• _BRIEF_: Of the entries below, return only those lines from the line with "What about a" to the line with "Отчет Фонда кино", exactly, both included.

• _RECORD EXTRACTS_:
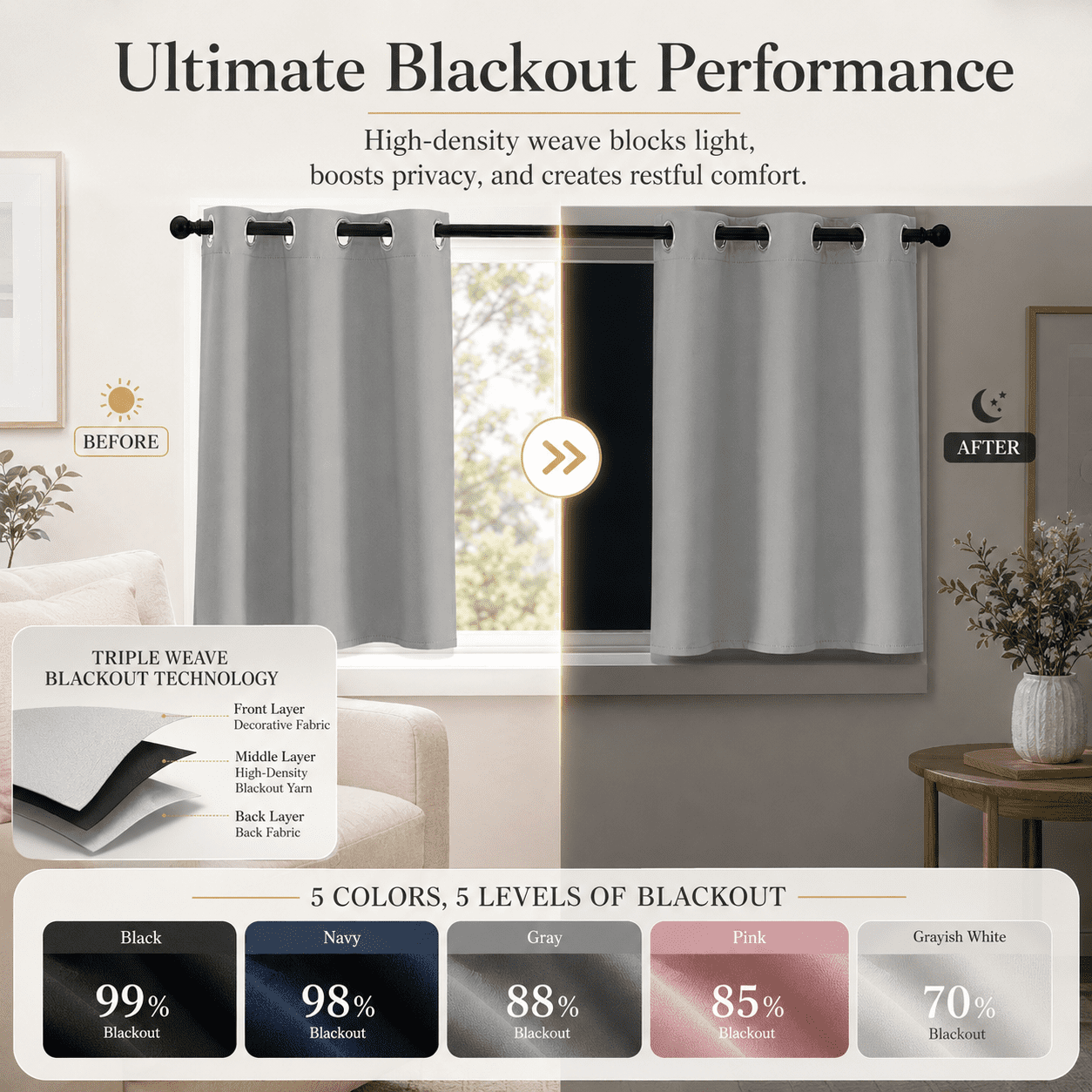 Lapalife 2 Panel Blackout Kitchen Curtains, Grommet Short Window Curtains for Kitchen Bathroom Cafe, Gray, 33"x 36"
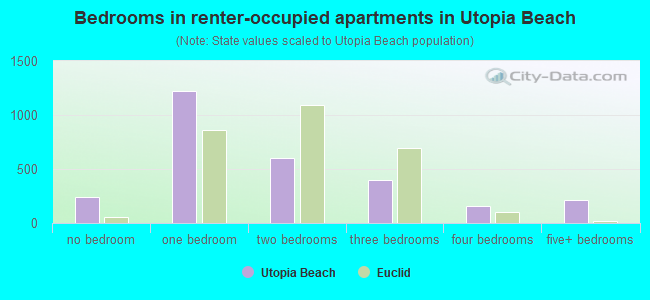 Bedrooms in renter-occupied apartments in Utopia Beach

---

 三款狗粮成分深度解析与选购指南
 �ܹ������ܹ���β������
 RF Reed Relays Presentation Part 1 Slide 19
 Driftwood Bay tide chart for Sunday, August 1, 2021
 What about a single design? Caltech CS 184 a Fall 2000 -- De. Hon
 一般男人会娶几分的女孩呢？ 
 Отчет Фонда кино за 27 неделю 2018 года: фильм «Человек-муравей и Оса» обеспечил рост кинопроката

• _OUTPUT OF THE TASK_:
 What about a single design? Caltech CS 184 a Fall 2000 -- De. Hon
 一般男人会娶几分的女孩呢？ 
 Отчет Фонда кино за 27 неделю 2018 года: фильм «Человек-муравей и Оса» обеспечил рост кинопроката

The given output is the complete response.